4.1.Op 20 augustus 2021 heeft verzoeker beroep ingesteld tegen het bestreden besluit waarin is bepaald dat verzoeker met ingang van 1 januari 2020 geen recht had op een IVA-uitkering, omdat hij minder dan 35% arbeidsongeschikt was. Het UWV heeft op 12 februari 2025 het bestreden besluit gewijzigd, en bepaald dat verzoeker 80-100% arbeidsongeschikt wordt geacht, dat deze arbeidsongeschiktheid duurzaam is en dat verzoeker recht heeft op een IVA-uitkering. Hiermee is het UWV tegemoetgekomen aan het beroep van verzoeker.
Welk bedrag aan proceskosten moet verweerder aan verzoeker vergoeden?
5. De rechtbank wijst het verzoek als kennelijk gegrond toe. Verzoeker krijgt een vergoeding van zijn proceskosten. Het UWV moet deze vergoeding betalen. De vergoeding is met toepassing van het Bpb als volgt berekend. Voor de rechtsbijstand door een gemachtigde krijgt verzoeker een vast bedrag per proceshandeling.

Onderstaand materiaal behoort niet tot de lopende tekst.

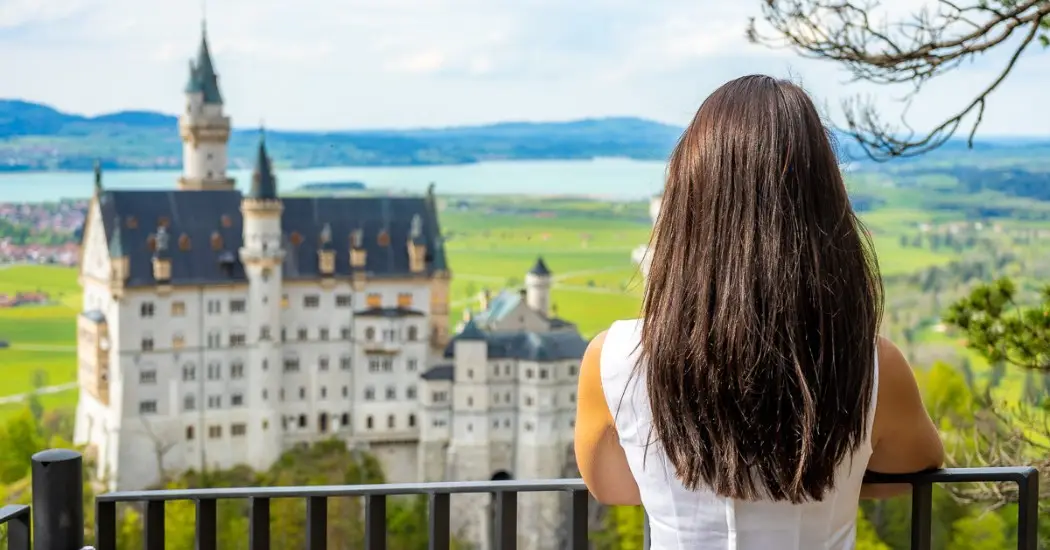 A woman standing on Marienbrücke, looking at the Neuschwanstein Castle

De gemachtigde heeft een beroepschrift ingediend en aan de zitting van de rechtbank deelgenomen. Daarnaast heeft gemachtigde twee keer een schriftelijke reactie na het deskundigenrapport ingediend (ieder een 0,5 punt). In beroep heeft elke proceshandeling een waarde van € 907,-. De vergoeding bedraagt dan in totaal € 2.721,-.

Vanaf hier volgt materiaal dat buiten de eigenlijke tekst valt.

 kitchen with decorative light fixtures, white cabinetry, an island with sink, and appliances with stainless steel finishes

6. De gemachtigde van verzoeker heeft op 21 januari 2022 ter gelegenheid van het indienen van een deskundigenrapport uit naam van verzoeker ook verzocht om kosten voor de door hem ingeschakelde deskundige. Ten aanzien van kosten van een deskundige die aan een partij verslag heeft uitgebracht is in artikel 1, aanhef en onder b en artikel 2, eerste lid, onder b van het Bpb juncto in artikel 8:36, tweede lid, van de Awb bepaald dat deze kosten worden vastgesteld met overeenkomstige toepassing van het bepaalde en krachtens het Besluit tarieven in strafzaken (het Besluit). In artikel 6 van het Besluit is het tarief voor vergoeding van werkzaamheden waarvoor geen speciaal tarief is bepaald, vastgesteld op ten hoogste € 134,04 per uur (zoals geldend in het jaar 2021) voor het verrichten van een onderzoek als in dit geval. In artikel 15 van het Besluit is bepaald dat de bedragen, genoemd in het Besluit, worden verhoogd met de omzetbelasting die daarover is verschuldigd.

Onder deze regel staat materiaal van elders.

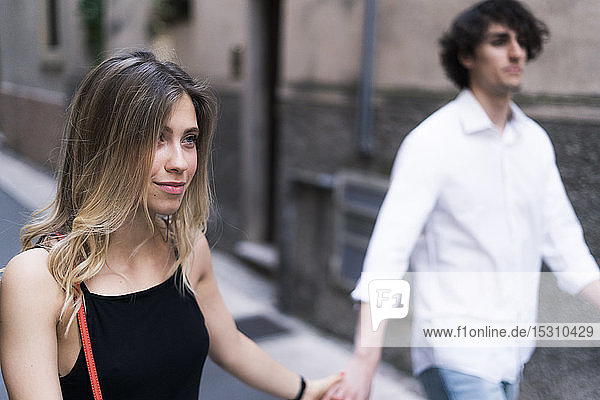 Young couple walking hand in hand in the city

De rechtbank gaat bij het bepalen van het tarief uit van de hoogte van het forfaitaire bedrag, zoals dat geldt op dat de werkzaamheden door de deskundige zijn verricht, namelijk in het jaar 2021.
7. Naar vaste rechtspraak komen de kosten van inschakeling van een deskundige voor vergoeding in aanmerking als deze inschakeling redelijk is en de kosten zelf redelijk zijn. [naam], verzekeringsarts, van [organisatie] is aan te merken als deskundige in de zin van deze bepaling en de inschakeling van een medisch deskundige is redelijk te achten. [naam] heeft eenmaal een advies uitgebracht, dat door de gemachtigde van de verzoeker in de procedure is ingebracht.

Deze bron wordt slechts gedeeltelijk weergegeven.